AuthorCarberry, Sean

ROTTERDAM, Netherlands -- Like the other services, the Air Force is using more and more virtual and simulated training technology, which is generating volumes of data. The Air Force Research Laboratory's Human Effectiveness Directorate is trying to determine if the right data are being collected and how to use it for maximum training effect.

There are gaps in data gathering and processing--the service needs more granular data and better tracking of a service member's training--and on the back end--it needs better artificial intelligence tools to make sense of the data, according to Summer Rebensky, a research scientist with Aptima, a contractor working for AFRL.

"We're working not only to look at live, virtual and constructive training and be able to map technologies and training experiences that best suit the training requirements, but also be able to develop training in an agile way that adapts not only to the training environments, but also to the individuals' proficiencies and needs," she said at IT2EC, one of Europe's biggest training and simulation conferences.

"Some of the simulators and training systems that we have now collect data at a very high level instead of the granularity that we really need to be able to fully leverage the AI and machine learning that's being developed today," she said.

The tools largely exist to capture the level of granularity the service needs, so it is not as much a matter of technology, but communicating needs to simulators' developers, she said.

"Whoever is funding the tools to be developed isn't necessarily the end user," she said. "We try to play an active role in connecting those two entities to ensure that we're involving them day one of the development of those tools."

That also requires looking internally to determine what data are needed.
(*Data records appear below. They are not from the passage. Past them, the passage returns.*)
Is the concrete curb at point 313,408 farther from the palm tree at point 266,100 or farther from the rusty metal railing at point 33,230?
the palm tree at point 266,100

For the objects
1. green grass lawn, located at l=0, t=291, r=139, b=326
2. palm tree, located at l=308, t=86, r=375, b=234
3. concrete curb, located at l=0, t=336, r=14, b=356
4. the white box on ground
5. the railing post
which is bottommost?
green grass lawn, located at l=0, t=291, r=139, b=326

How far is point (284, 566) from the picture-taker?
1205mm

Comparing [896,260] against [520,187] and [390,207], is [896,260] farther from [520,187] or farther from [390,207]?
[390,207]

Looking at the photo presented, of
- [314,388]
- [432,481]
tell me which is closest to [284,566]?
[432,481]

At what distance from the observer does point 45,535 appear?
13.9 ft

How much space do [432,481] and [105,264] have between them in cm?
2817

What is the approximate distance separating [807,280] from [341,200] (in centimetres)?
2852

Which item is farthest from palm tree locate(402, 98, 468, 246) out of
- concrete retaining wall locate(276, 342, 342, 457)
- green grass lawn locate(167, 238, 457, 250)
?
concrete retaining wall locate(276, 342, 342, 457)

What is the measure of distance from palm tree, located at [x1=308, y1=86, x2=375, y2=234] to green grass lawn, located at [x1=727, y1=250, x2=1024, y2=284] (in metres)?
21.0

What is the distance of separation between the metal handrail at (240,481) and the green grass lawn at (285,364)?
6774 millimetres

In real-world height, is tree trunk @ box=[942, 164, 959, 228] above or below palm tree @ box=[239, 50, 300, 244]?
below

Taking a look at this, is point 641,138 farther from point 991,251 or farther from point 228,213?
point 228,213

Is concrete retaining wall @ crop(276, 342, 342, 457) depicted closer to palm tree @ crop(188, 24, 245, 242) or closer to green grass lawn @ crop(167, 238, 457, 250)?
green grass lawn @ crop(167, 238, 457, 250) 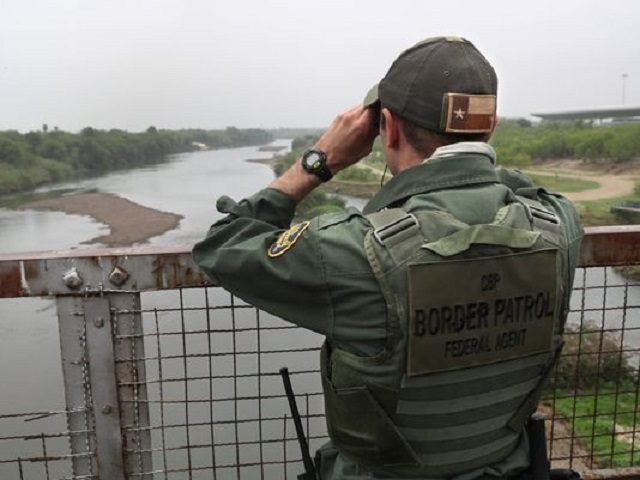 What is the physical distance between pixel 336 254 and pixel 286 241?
0.11 meters

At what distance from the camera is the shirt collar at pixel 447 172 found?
1188mm

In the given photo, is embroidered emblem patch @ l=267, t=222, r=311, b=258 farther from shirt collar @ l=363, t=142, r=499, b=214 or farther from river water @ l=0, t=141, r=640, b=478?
river water @ l=0, t=141, r=640, b=478

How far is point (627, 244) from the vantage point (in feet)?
6.52

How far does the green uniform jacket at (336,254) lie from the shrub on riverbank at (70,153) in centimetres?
4394

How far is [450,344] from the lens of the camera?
3.79 feet

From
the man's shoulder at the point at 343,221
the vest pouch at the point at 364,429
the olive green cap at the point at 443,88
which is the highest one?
the olive green cap at the point at 443,88

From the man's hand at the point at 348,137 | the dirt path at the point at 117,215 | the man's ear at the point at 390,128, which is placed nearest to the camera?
the man's ear at the point at 390,128

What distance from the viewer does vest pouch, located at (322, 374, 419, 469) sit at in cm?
119

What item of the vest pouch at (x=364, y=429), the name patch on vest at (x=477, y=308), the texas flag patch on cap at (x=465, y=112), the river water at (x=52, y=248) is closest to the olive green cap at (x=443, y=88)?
the texas flag patch on cap at (x=465, y=112)

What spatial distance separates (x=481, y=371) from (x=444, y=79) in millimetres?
568

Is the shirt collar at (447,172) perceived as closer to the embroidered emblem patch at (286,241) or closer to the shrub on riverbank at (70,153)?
the embroidered emblem patch at (286,241)

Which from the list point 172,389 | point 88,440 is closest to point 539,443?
point 88,440

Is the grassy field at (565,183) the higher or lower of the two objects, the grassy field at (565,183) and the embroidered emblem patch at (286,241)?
the lower

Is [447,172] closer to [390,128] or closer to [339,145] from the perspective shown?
[390,128] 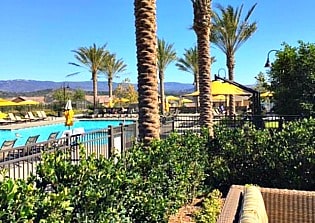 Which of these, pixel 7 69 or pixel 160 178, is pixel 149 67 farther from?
pixel 7 69

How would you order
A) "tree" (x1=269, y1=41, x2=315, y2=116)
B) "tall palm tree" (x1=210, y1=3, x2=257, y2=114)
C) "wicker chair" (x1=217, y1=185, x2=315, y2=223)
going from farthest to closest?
"tall palm tree" (x1=210, y1=3, x2=257, y2=114) < "tree" (x1=269, y1=41, x2=315, y2=116) < "wicker chair" (x1=217, y1=185, x2=315, y2=223)

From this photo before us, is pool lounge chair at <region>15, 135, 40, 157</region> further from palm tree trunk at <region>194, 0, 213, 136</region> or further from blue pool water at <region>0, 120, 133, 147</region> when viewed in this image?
blue pool water at <region>0, 120, 133, 147</region>

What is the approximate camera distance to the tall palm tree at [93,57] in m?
41.9

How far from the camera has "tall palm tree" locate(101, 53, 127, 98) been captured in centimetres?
4512

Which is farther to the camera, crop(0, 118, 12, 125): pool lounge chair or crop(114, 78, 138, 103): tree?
crop(114, 78, 138, 103): tree

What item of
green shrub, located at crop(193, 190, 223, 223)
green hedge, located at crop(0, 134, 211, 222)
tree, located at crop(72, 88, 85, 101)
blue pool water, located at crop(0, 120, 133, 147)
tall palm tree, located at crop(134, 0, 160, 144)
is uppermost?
tree, located at crop(72, 88, 85, 101)

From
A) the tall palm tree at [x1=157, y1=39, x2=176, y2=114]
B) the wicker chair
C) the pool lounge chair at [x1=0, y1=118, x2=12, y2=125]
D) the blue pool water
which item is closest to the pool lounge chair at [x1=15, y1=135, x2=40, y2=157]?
the wicker chair

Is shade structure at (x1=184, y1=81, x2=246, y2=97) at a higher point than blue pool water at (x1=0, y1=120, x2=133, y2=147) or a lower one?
higher

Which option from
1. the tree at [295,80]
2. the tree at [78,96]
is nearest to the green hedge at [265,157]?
the tree at [295,80]

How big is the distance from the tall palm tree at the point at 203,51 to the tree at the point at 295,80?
18.3ft

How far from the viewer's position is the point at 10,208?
241 cm

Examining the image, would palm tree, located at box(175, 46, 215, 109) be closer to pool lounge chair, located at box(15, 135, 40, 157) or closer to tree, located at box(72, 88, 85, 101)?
tree, located at box(72, 88, 85, 101)

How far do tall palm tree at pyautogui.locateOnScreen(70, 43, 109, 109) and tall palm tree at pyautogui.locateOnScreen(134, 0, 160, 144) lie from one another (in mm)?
34791

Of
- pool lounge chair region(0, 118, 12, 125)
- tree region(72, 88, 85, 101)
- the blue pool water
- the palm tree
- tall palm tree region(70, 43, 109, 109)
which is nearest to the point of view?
the blue pool water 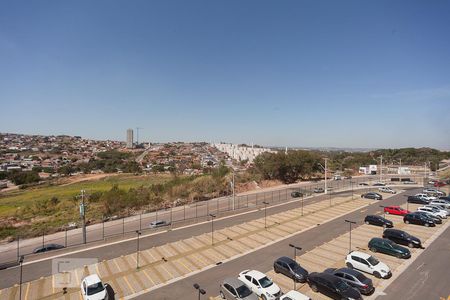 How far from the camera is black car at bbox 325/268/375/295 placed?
17922 mm

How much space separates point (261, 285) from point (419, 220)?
2634 cm

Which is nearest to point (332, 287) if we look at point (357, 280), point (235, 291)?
point (357, 280)

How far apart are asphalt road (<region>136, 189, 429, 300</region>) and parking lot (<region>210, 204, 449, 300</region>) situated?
1098 millimetres

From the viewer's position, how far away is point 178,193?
62500 mm

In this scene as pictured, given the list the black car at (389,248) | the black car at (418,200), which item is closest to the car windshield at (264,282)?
the black car at (389,248)

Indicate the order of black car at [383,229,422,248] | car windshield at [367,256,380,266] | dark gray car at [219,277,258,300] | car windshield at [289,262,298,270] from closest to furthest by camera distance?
dark gray car at [219,277,258,300] → car windshield at [289,262,298,270] → car windshield at [367,256,380,266] → black car at [383,229,422,248]

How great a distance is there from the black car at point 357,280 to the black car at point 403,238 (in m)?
11.1

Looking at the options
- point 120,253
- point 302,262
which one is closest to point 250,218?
point 302,262

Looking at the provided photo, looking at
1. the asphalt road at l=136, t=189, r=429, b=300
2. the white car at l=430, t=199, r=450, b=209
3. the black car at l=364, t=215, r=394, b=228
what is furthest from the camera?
the white car at l=430, t=199, r=450, b=209

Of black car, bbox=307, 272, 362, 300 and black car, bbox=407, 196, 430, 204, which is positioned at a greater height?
black car, bbox=407, 196, 430, 204

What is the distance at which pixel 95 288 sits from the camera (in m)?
17.5

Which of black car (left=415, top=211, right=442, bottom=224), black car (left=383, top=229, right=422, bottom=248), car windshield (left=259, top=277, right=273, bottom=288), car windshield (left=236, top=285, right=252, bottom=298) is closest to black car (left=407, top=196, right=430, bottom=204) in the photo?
black car (left=415, top=211, right=442, bottom=224)

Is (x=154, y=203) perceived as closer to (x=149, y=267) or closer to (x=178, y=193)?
(x=178, y=193)

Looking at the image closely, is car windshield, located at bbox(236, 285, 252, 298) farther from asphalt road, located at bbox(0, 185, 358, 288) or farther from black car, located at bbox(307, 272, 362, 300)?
asphalt road, located at bbox(0, 185, 358, 288) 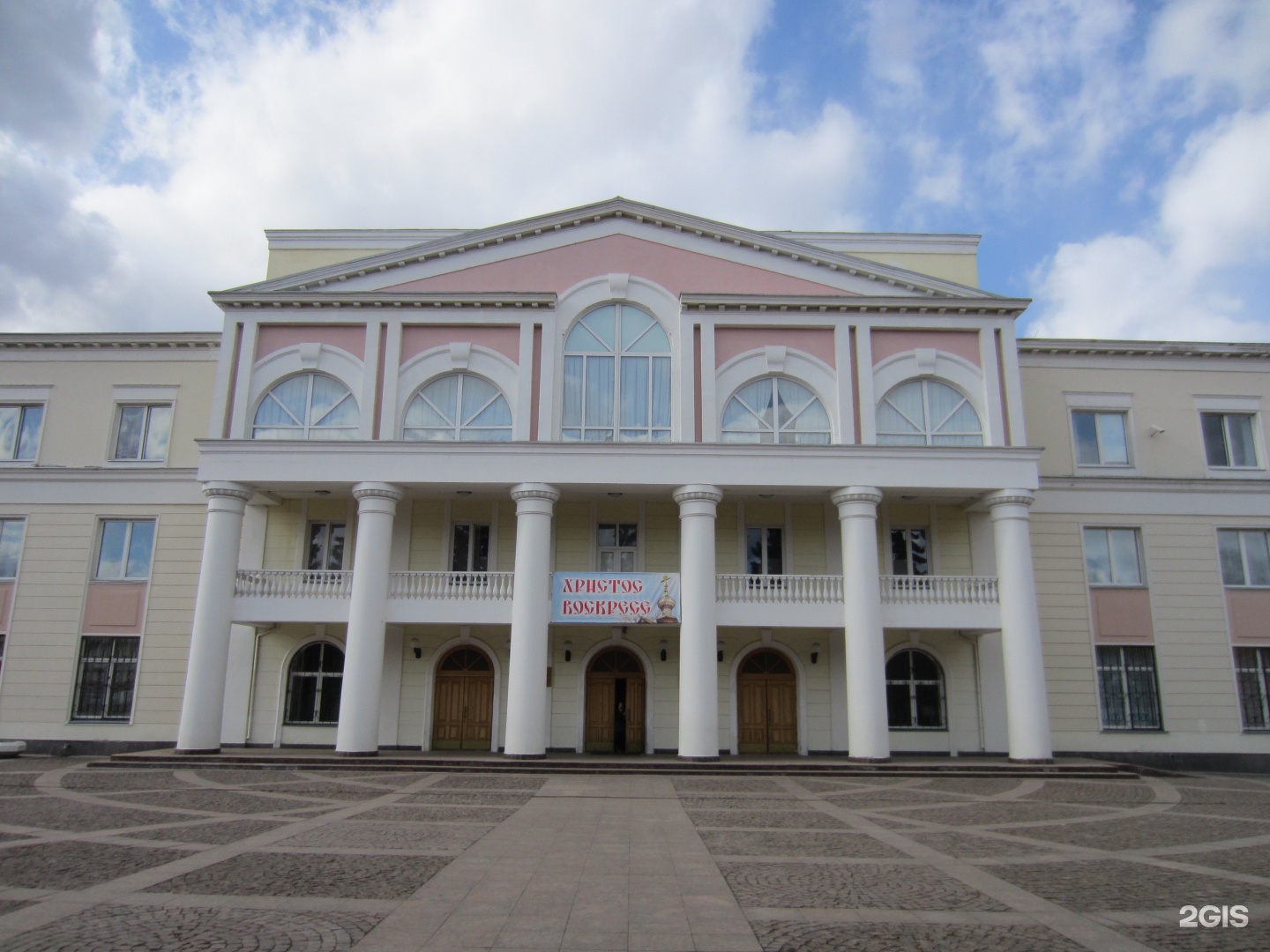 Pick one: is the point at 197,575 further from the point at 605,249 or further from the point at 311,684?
the point at 605,249

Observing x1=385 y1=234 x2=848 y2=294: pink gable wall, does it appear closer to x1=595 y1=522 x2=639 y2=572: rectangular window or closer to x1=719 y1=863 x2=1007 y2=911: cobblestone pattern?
x1=595 y1=522 x2=639 y2=572: rectangular window

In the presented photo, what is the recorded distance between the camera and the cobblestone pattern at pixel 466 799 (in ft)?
47.1

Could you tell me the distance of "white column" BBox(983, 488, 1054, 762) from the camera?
65.6 ft

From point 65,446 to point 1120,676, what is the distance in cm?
2885

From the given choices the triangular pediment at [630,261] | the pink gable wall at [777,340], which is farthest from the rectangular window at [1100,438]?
the pink gable wall at [777,340]

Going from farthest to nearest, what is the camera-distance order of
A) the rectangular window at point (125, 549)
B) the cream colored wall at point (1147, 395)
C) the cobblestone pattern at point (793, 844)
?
the cream colored wall at point (1147, 395)
the rectangular window at point (125, 549)
the cobblestone pattern at point (793, 844)

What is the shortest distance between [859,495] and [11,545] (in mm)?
22353

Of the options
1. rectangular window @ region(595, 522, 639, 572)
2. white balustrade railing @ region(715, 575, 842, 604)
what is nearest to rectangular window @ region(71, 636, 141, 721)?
rectangular window @ region(595, 522, 639, 572)

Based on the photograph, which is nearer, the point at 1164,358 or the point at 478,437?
the point at 478,437

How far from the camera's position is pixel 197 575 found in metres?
23.3

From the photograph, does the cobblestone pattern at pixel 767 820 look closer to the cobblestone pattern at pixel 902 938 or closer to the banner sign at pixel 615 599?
the cobblestone pattern at pixel 902 938

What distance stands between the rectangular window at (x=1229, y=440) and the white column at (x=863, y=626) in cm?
1099

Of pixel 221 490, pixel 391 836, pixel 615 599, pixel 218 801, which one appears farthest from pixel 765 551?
pixel 391 836

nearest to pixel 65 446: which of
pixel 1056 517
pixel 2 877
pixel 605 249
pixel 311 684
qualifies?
pixel 311 684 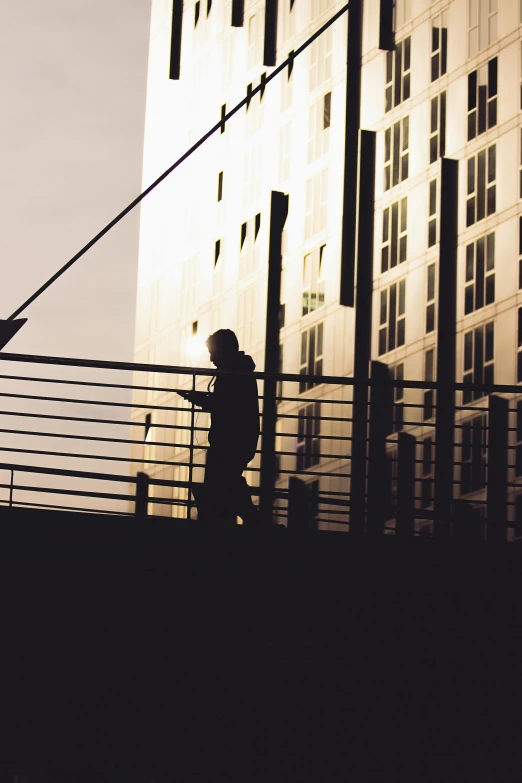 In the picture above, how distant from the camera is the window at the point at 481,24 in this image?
40719 mm

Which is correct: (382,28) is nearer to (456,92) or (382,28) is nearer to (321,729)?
(456,92)

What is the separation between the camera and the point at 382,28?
45.5 m

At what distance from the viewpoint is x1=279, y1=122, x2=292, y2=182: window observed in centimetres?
5291

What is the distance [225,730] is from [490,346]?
30.2 metres

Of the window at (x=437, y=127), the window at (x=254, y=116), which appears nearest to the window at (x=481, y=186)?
the window at (x=437, y=127)

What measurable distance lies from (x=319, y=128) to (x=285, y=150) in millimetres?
2864

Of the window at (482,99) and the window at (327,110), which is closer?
the window at (482,99)

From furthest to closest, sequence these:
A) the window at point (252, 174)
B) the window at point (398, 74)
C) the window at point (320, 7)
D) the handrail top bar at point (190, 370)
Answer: the window at point (252, 174)
the window at point (320, 7)
the window at point (398, 74)
the handrail top bar at point (190, 370)

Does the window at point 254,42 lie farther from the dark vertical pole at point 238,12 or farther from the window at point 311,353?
the window at point 311,353

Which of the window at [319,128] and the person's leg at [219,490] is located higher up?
the window at [319,128]

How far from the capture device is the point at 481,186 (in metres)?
41.3

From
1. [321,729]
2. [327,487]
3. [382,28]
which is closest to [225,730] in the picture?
[321,729]

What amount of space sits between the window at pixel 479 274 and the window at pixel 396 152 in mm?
4505

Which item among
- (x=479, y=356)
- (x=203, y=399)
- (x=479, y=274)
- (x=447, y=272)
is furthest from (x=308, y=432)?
(x=203, y=399)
That involves interviewing subject matter experts, "seeing what data can be pulled off of these simulators, what kinds of behaviors can be observed, tracked and measured," she said.

"We're able to integrate all those measures together into measures of performance, instantiate those within simulation, refine those measures," which then creates a feedback loop, she added.

One problem with current training is that it is often pass-fail, she said. "We see performance is just...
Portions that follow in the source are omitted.